We now try to show that $||\lambda v||=|\lambda| ||v||$
We have that $max\{|\lambda x|,|\lambda y|\}=max\{|\lambda||y|,|\lambda||y|\}$
Let wlog $|\lambda||x|$ be the maximum of $|\lambda||x|$ and $|\lambda||y|$ meaning $|x||\lambda|\leq |x||\lambda|$ and $|y||\lambda|\leq |\lambda||x|$. It is easy to see that by dividing by $\lambda$ we have $|x|\leq |x|$ and $|y| \leq |x|$ thus we find $max\{|x|,|y|\}=|x|$. But then we have $||v||=max\{|\lambda x|, |\lambda y|\}=max\{|\lambda||x|,|\lambda||y|\}=|\lambda||x|=|\lambda|max\{|x|,|y|\}$ and finally we can conclude that $||\lambda v||=|\lambda|||v||$
The third and last Axiom we need to show is that $||v+w||\leq||v||+||w||$ where $w$ simply denotes another vector.
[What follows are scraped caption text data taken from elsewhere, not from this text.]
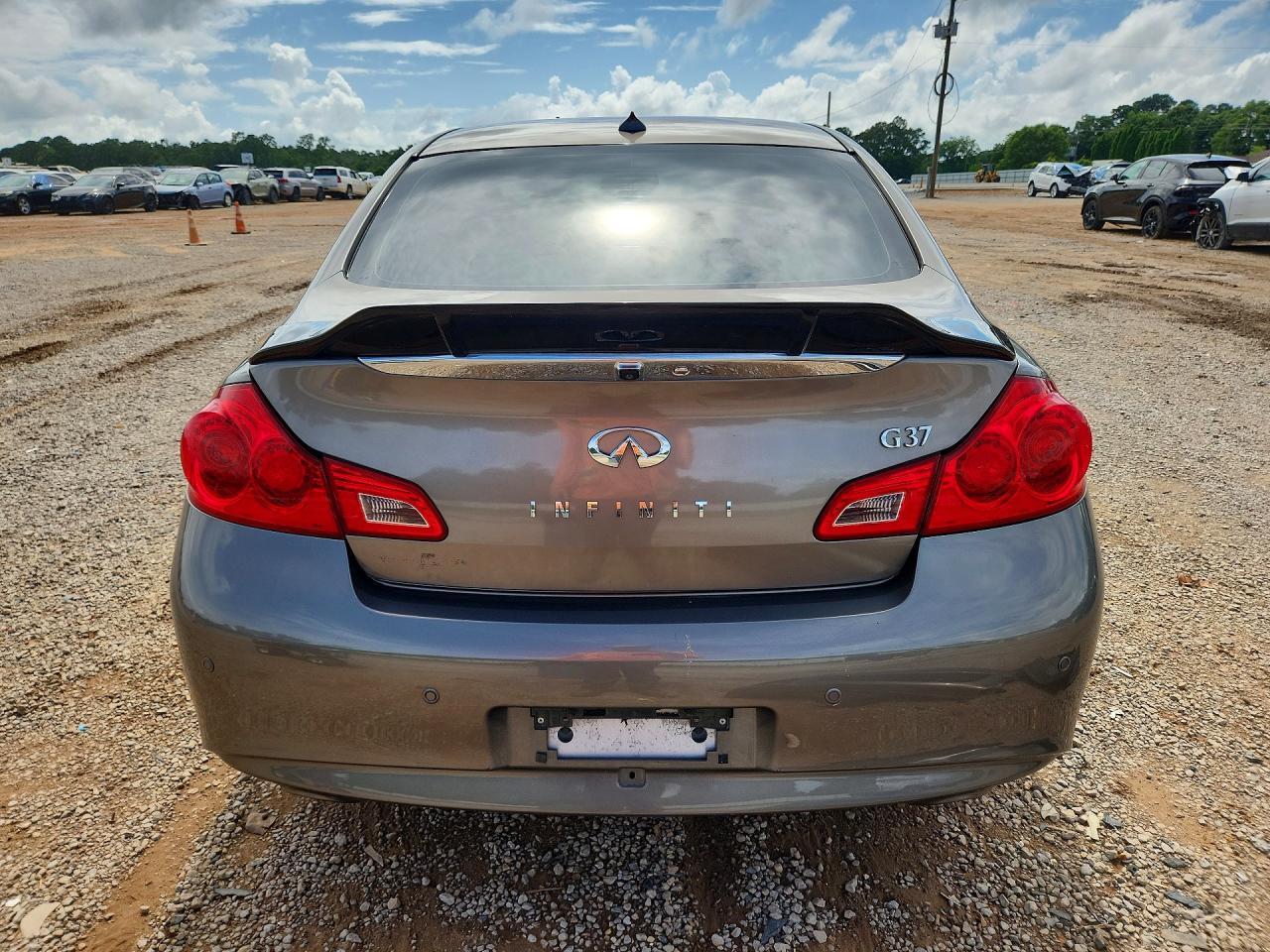 INFINITI G37 Journey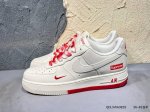 新品上市实拍 耐克Nike Air Force 1“07空军一号低帮百搭休闲运动板鞋。柔软、弹性十足的缓震性能和出色的中底设计，横跨复古与现代的外型结合，造就出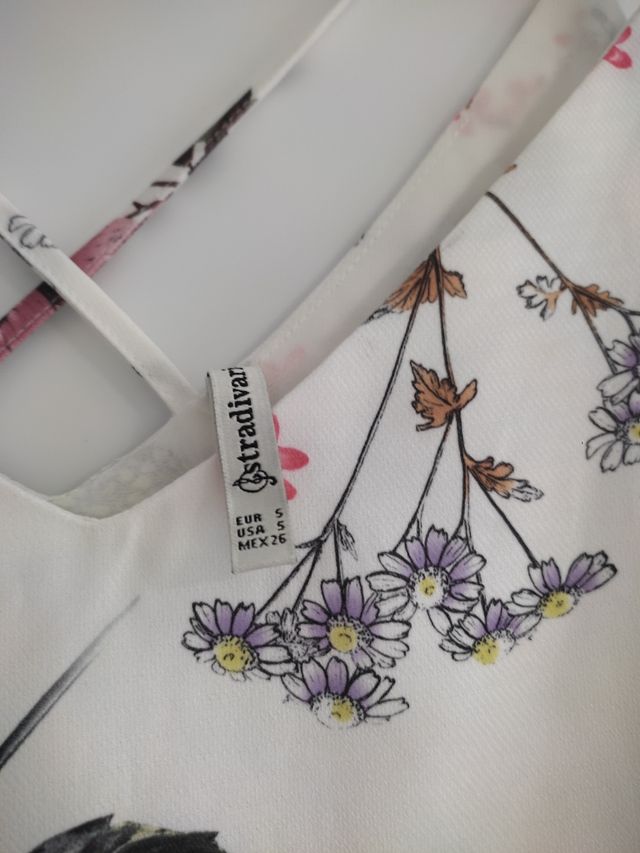 Camiseta Stradivarius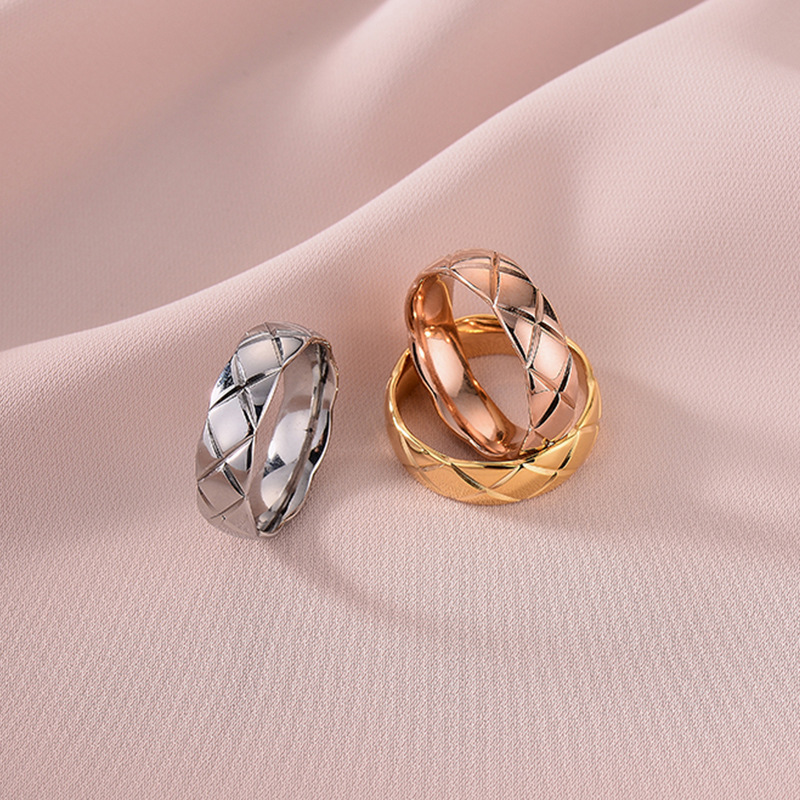 Titanium Steel Material Fashion Lingge Titanium Steel Plating Rings 1 Piece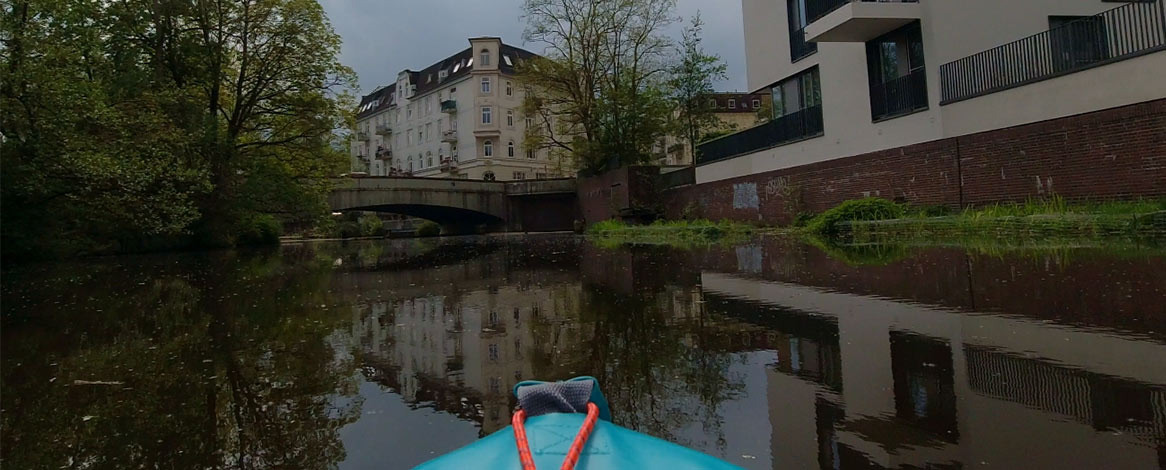 Blick auf Bille-Brücke an der Ernst-Mantius-Strasse in Bergedorf vom Kanu aus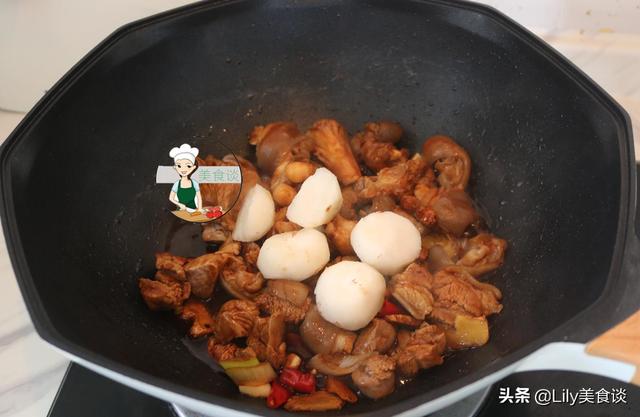 炖羊肉时,别盲目加大料,多加这两样食材一起炖,羊肉香还没膻味
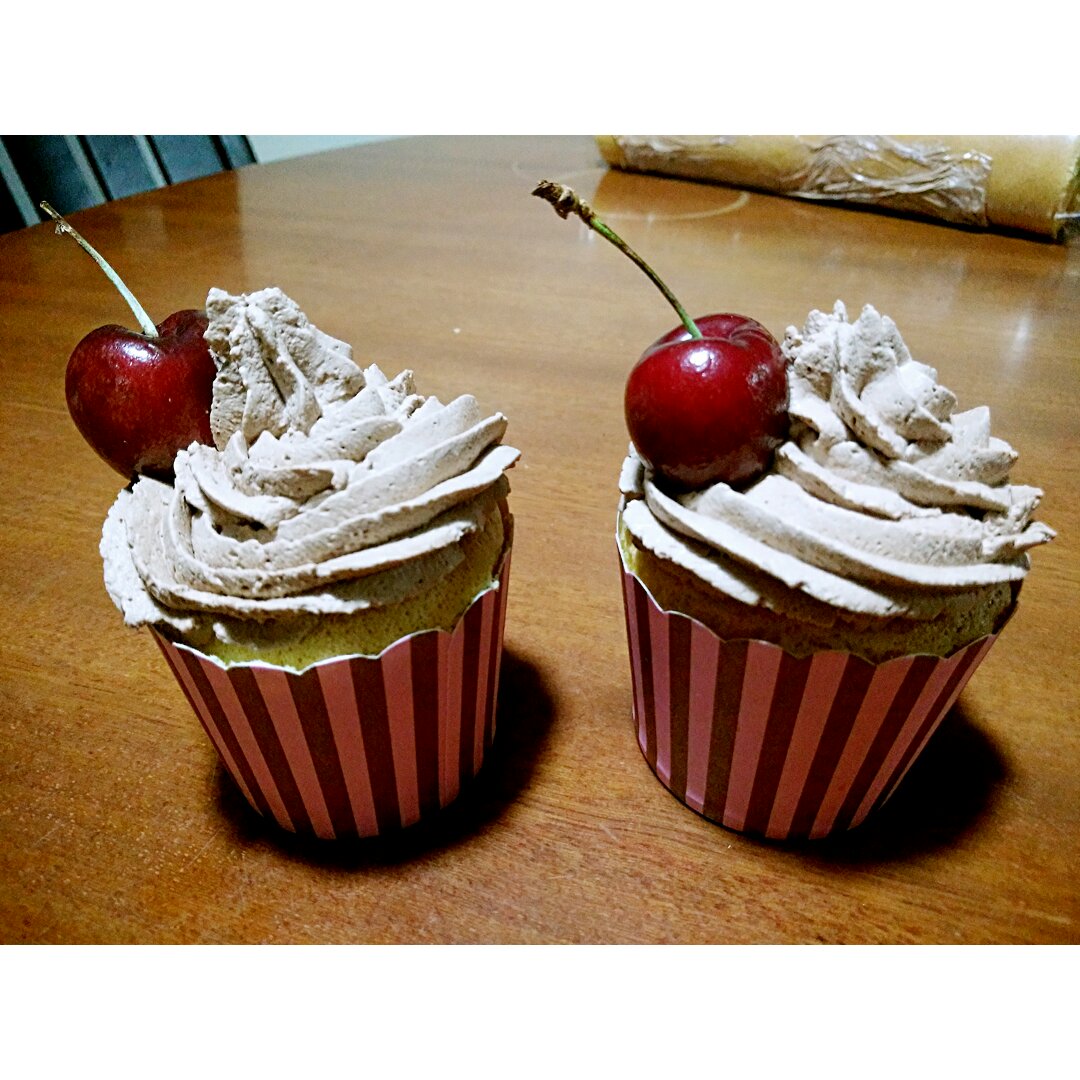 软绵绵戚风纸杯蛋糕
And let $v=(x_1,y_1)$ and let $w=(x_2,y_2)$.
Let wlog be $|x_1+x_2|$ the maximum of $|x_1+x_2|$,$|y_1+y_2|$ then we find that $|y_1+y_2| \leq |x_1+x_2|\leq |x_1|+|x_2|$ und thus $|x_1|+|x_2|$ is greater than the maximum of $|y_1+y_2|$ and $|x_1+x_2|$ and it follows
$max\{|y_1+y_2|,|x_1+x_2|\} \leq max\{|x_1|+|x_2|,|y_1|+|y_2|\}$
Let $m=max\{|x_1|,|x_2|\}$ and $m'=max\{|x_2|,|y_2|\}$ and then it is that $|x_1|+|x_2| \leq m + |x_2|$ because if $m=|x_1|$ then it is clear and if $m=|y_1|$ we have $|x_1| \leq |y_1|$ and we conclude $|x_1|+|x_2| \leq |y_1|+|x_2|=m+|x_2|$. We can apply this principle three more times and we have that
it is $|x_1|+|x_2| \leq m + |x_2| \leq m+m'$ and we also have $|y_1|+|y_2| \leq m + |y_2|\leq m+m'$ or in other words we find that
$max\{|x_1|+|x_2|,|y_1|+|y_2|\} \leq max\{|x_1|,|y_1|\}+max\{|x_2|,|y_2|\}$
So we finally find
$||v+w|| = max \{ |y_1+y_2|,|x_1+x_2|\} \leq max\{|x_1|+|x_2|,|y_1|+|y_2|\} \leq max\{
|x_1|,|y_1|\}+max\{|x_2|,|y_2|\}=||v||+||w||$
Thus we are done the norm is really a norm
 A: Sorry, but this is still too complicated and verbose. I don't mean it's wrong, but it would be a very hard time reading it.
Check your attempt with the following. Writing clearer proofs requires time and effort, but don't be afraid.

Let's define $\|(x,y)\|=\max\{|x|,|y|\}$. We want to show that this defines a norm on $\mathbb{R}^2$.
We note first that, given $(x,y)\in\mathbb{R}^2$, we have $|x|\le\|(x,y)\|$ and $|y|\le\|(x,y)\|$.
Step 0. We observe that $\|(x,y)\|\ge0$, because $|x|\ge0$ and $|y|\ge0$. (Note: did you observe it?)
Step 1. Next we'll show that $\|(x,y)\|=0$ if and only if $(x,y)=(0,0)$. One direction is obvious, because $\max\{|0|,|0|\}=0$. For the other direction, if $\max\{|x|,|y|\}=0$, then both $|x|\le0$ and $|y|=0$, so $|x|=|y|=0$ and finally $x=y=0$.
Step 2. We want now to prove that $\|\lambda(x,y)\|=|\lambda|\,\|(x,y)\|$. Since $\lambda(x,y)=(\lambda x,\lambda y)$, we have
$$
\|\lambda(x,y)\|=\max\{|\lambda x|,|\lambda y|\}
=\max\{|\lambda|\,|x|,|\lambda|\,|y|\}
$$
If $|x|\le|y|$, then $|\lambda|\,|x|\le|\lambda|\,|y|$ and similarly if $|x|\ge|y|$. Hence
$$
\max\{|\lambda|\,|x|,|\lambda|\,|y|\}=|\lambda|\max\{|x|,|y|\}=|\lambda|\,\|(x,y)\|
$$
Step 3. For the triangle inequality, consider $v=(x_1,y_1)$ and $w=(x_2,y_2)$. We want to prove that $\|v+w\|\le\|v\|+\|w\|$.
By the standard triangle inequality we have
$$
|x_1+x_2|\le |x_1|+|x_2|\le \|v\|+\|w\|
\qquad
|y_1+y_2|\le |y_1|+|y_2|\le \|v\|+\|w\|
$$
because of the initial remark.
Therefore
$$
\|v+w\|=\max\{|x_1+x_2|,|y_1+y_2|\}\le\|v\|+\|w\|
$$